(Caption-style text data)
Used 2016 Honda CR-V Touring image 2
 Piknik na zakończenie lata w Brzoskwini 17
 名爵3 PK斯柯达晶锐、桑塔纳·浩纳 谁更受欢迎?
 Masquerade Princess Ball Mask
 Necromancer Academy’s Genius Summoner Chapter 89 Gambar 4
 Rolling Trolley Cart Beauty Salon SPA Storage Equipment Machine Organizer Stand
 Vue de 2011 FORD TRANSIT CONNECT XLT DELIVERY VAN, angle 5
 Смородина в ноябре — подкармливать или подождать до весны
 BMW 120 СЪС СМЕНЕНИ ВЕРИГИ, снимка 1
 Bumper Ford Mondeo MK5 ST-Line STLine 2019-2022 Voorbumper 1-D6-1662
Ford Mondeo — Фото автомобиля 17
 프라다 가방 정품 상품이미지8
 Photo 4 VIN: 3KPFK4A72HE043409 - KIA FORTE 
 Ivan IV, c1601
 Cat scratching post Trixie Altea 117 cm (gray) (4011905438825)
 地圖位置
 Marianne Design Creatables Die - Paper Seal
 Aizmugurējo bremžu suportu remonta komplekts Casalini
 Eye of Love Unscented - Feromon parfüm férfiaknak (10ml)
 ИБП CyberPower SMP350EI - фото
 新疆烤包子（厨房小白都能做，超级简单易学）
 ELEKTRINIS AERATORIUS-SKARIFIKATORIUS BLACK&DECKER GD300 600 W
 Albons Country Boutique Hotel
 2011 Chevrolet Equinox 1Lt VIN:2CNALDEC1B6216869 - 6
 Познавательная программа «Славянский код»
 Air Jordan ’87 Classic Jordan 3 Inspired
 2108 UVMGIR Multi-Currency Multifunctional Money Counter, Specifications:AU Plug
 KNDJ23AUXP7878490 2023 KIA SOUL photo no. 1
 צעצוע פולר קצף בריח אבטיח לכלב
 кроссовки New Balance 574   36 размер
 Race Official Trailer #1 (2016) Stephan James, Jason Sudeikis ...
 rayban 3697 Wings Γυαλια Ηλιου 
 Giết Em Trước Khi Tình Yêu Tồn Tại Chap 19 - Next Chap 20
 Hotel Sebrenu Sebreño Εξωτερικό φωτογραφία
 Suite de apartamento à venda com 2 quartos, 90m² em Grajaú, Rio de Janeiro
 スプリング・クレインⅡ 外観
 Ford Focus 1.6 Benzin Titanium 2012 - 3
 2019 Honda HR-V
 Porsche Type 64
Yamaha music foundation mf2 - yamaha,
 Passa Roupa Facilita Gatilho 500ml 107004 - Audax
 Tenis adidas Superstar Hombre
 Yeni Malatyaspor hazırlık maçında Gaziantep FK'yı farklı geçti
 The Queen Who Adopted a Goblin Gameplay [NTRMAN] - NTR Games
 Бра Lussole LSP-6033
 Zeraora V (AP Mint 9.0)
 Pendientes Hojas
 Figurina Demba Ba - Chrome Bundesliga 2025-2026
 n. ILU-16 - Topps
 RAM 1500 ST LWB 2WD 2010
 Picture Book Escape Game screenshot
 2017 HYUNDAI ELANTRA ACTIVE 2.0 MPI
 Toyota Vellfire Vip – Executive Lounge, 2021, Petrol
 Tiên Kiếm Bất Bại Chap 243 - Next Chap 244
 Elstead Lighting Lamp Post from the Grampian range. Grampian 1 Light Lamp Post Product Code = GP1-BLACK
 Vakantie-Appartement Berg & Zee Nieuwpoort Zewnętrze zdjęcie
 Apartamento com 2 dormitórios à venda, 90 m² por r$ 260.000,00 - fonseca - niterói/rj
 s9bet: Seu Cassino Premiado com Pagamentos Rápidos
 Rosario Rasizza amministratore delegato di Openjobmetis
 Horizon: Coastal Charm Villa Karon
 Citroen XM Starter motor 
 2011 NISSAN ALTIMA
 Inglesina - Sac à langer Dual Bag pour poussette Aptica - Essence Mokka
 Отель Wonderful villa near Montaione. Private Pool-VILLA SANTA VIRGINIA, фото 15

Directions for this task ▸ Your task is to reproduce all the records above exactly as they appear.

Task solution ▸
Used 2016 Honda CR-V Touring image 2
 Piknik na zakończenie lata w Brzoskwini 17
 名爵3 PK斯柯达晶锐、桑塔纳·浩纳 谁更受欢迎?
 Masquerade Princess Ball Mask
 Necromancer Academy’s Genius Summoner Chapter 89 Gambar 4
 Rolling Trolley Cart Beauty Salon SPA Storage Equipment Machine Organizer Stand
 Vue de 2011 FORD TRANSIT CONNECT XLT DELIVERY VAN, angle 5
 Смородина в ноябре — подкармливать или подождать до весны
 BMW 120 СЪС СМЕНЕНИ ВЕРИГИ, снимка 1
 Bumper Ford Mondeo MK5 ST-Line STLine 2019-2022 Voorbumper 1-D6-1662
Ford Mondeo — Фото автомобиля 17
 프라다 가방 정품 상품이미지8
 Photo 4 VIN: 3KPFK4A72HE043409 - KIA FORTE 
 Ivan IV, c1601
 Cat scratching post Trixie Altea 117 cm (gray) (4011905438825)
 地圖位置
 Marianne Design Creatables Die - Paper Seal
 Aizmugurējo bremžu suportu remonta komplekts Casalini
 Eye of Love Unscented - Feromon parfüm férfiaknak (10ml)
 ИБП CyberPower SMP350EI - фото
 新疆烤包子（厨房小白都能做，超级简单易学）
 ELEKTRINIS AERATORIUS-SKARIFIKATORIUS BLACK&DECKER GD300 600 W
 Albons Country Boutique Hotel
 2011 Chevrolet Equinox 1Lt VIN:2CNALDEC1B6216869 - 6
 Познавательная программа «Славянский код»
 Air Jordan ’87 Classic Jordan 3 Inspired
 2108 UVMGIR Multi-Currency Multifunctional Money Counter, Specifications:AU Plug
 KNDJ23AUXP7878490 2023 KIA SOUL photo no. 1
 צעצוע פולר קצף בריח אבטיח לכלב
 кроссовки New Balance 574   36 размер
 Race Official Trailer #1 (2016) Stephan James, Jason Sudeikis ...
 rayban 3697 Wings Γυαλια Ηλιου 
 Giết Em Trước Khi Tình Yêu Tồn Tại Chap 19 - Next Chap 20
 Hotel Sebrenu Sebreño Εξωτερικό φωτογραφία
 Suite de apartamento à venda com 2 quartos, 90m² em Grajaú, Rio de Janeiro
 スプリング・クレインⅡ 外観
 Ford Focus 1.6 Benzin Titanium 2012 - 3
 2019 Honda HR-V
 Porsche Type 64
Yamaha music foundation mf2 - yamaha,
 Passa Roupa Facilita Gatilho 500ml 107004 - Audax
 Tenis adidas Superstar Hombre
 Yeni Malatyaspor hazırlık maçında Gaziantep FK'yı farklı geçti
 The Queen Who Adopted a Goblin Gameplay [NTRMAN] - NTR Games
 Бра Lussole LSP-6033
 Zeraora V (AP Mint 9.0)
 Pendientes Hojas
 Figurina Demba Ba - Chrome Bundesliga 2025-2026
 n. ILU-16 - Topps
 RAM 1500 ST LWB 2WD 2010
 Picture Book Escape Game screenshot
 2017 HYUNDAI ELANTRA ACTIVE 2.0 MPI
 Toyota Vellfire Vip – Executive Lounge, 2021, Petrol
 Tiên Kiếm Bất Bại Chap 243 - Next Chap 244
 Elstead Lighting Lamp Post from the Grampian range. Grampian 1 Light Lamp Post Product Code = GP1-BLACK
 Vakantie-Appartement Berg & Zee Nieuwpoort Zewnętrze zdjęcie
 Apartamento com 2 dormitórios à venda, 90 m² por r$ 260.000,00 - fonseca - niterói/rj
 s9bet: Seu Cassino Premiado com Pagamentos Rápidos
 Rosario Rasizza amministratore delegato di Openjobmetis
 Horizon: Coastal Charm Villa Karon
 Citroen XM Starter motor 
 2011 NISSAN ALTIMA
 Inglesina - Sac à langer Dual Bag pour poussette Aptica - Essence Mokka
 Отель Wonderful villa near Montaione. Private Pool-VILLA SANTA VIRGINIA, фото 15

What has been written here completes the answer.